Our belief in progress, the idea that everything will go on improving, is strangely recent. For a start, our ancestors would have been surprised to learn that we thought we could see into the future at all. Their cultures were built on the reality that no one can.
But they’d have been even more surprised to discover that we believed life would get better. They thought everything had declined since a Golden Age, when all was plenty and people lived in harmony with nature and each other.
The Ancient Greeks and Romans believed we were shrinking physically, and Plato came up with the idea of breeding supermen to reverse this trend. Unlike his near contemporary, Confucius, who more modestly thought we could improve the way we were governed, Plato believed we could not only improve society but improve ourselves.

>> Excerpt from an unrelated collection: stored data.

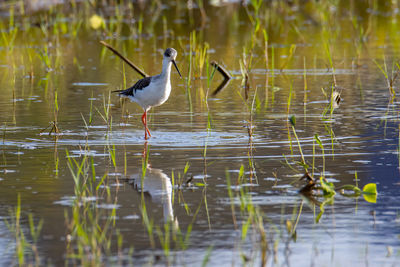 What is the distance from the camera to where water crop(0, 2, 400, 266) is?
16.0 feet

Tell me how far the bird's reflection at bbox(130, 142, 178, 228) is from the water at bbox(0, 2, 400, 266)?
1 cm

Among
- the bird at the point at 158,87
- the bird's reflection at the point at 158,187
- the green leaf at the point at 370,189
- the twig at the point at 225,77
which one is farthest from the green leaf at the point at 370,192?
the twig at the point at 225,77

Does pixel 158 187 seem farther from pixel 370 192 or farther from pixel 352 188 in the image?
pixel 370 192

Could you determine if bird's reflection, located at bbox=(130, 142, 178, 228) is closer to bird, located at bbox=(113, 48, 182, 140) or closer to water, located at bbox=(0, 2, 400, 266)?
water, located at bbox=(0, 2, 400, 266)

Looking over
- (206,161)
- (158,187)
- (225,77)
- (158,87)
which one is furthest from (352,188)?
(225,77)

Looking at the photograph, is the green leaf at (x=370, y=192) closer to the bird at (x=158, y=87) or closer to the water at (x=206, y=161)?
the water at (x=206, y=161)

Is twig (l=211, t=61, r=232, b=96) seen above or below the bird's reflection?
above

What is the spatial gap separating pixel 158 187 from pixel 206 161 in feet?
3.14

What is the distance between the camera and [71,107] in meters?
10.4

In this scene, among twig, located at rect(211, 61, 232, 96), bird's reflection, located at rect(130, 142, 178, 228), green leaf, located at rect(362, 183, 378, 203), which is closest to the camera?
bird's reflection, located at rect(130, 142, 178, 228)

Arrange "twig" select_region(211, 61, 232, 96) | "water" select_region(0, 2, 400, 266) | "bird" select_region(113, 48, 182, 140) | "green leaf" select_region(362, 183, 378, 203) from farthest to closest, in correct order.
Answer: "twig" select_region(211, 61, 232, 96) → "bird" select_region(113, 48, 182, 140) → "green leaf" select_region(362, 183, 378, 203) → "water" select_region(0, 2, 400, 266)

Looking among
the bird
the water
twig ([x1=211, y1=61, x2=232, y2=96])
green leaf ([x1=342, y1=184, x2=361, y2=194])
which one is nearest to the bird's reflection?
the water

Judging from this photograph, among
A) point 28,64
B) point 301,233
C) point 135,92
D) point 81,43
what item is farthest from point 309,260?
point 81,43

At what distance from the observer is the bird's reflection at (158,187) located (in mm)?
5570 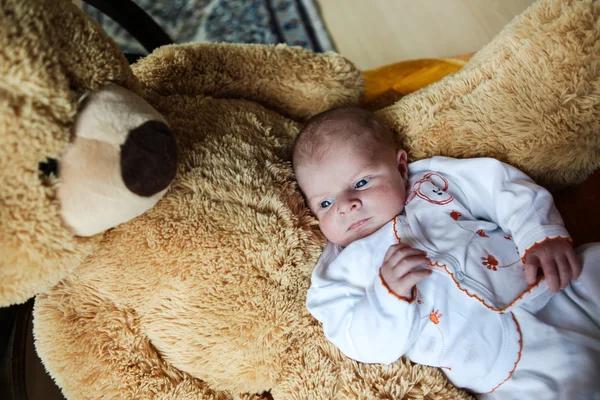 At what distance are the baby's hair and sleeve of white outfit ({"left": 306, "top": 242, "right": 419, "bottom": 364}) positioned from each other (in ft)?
0.76

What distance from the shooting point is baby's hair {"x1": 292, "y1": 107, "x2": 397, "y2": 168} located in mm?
836

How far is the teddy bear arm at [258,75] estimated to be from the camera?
2.82 ft

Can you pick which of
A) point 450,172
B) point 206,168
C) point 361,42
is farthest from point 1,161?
point 361,42

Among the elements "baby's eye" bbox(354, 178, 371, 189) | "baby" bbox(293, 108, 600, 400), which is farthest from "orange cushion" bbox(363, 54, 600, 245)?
"baby's eye" bbox(354, 178, 371, 189)

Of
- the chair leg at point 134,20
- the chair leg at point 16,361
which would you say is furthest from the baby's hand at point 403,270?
the chair leg at point 134,20

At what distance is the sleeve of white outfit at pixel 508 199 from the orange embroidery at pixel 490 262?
0.04 meters

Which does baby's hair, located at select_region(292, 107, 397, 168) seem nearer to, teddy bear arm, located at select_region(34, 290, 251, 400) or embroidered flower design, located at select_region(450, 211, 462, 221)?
embroidered flower design, located at select_region(450, 211, 462, 221)

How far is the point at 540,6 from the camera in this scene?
0.83 m

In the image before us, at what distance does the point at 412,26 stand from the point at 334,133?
1.18 m

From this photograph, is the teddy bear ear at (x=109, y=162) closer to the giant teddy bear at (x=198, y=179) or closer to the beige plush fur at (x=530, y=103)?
the giant teddy bear at (x=198, y=179)

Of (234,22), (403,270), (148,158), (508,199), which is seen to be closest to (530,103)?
→ (508,199)

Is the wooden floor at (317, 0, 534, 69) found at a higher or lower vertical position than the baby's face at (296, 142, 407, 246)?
higher

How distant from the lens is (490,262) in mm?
745

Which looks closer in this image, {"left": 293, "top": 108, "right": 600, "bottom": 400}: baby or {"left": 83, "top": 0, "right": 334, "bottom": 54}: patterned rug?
{"left": 293, "top": 108, "right": 600, "bottom": 400}: baby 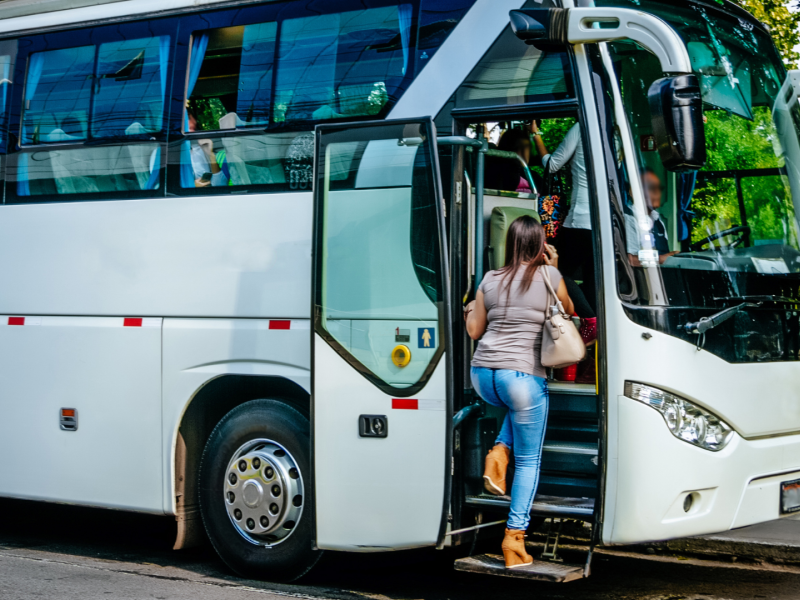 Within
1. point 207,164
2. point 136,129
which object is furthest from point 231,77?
point 136,129

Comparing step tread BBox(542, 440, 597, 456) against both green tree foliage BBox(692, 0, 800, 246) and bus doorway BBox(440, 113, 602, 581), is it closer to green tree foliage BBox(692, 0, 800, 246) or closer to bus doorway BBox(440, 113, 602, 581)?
bus doorway BBox(440, 113, 602, 581)

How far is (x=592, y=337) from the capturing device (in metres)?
6.32

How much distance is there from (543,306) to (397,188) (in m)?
1.07

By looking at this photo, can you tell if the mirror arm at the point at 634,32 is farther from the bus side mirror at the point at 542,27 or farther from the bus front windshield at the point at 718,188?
the bus front windshield at the point at 718,188

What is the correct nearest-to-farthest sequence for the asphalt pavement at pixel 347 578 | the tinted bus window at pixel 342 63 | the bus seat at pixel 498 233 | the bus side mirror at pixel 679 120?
the bus side mirror at pixel 679 120, the bus seat at pixel 498 233, the tinted bus window at pixel 342 63, the asphalt pavement at pixel 347 578

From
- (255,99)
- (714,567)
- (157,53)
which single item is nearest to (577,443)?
(714,567)

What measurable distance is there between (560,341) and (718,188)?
1.34 meters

This idea didn’t really grow teeth until we began to understand the mechanics of breeding, during the Enlightenment. Darwin was careful to call his book the Descent on Man, not the ascent. But believers in eugenics willfully misinterpreted his theory of evolution by means of the survival of the fittest, which meant the most suited not the strongest. This resulted in the mass extermination of those who didn’t fit a predetermined notion of what a better human should be.
The suffering of millions eventually taught us that we can’t improve human nature, nor should we try. Human nature, itself, is now sacrosanct. But we still cling to the idea that we can improve nature in general.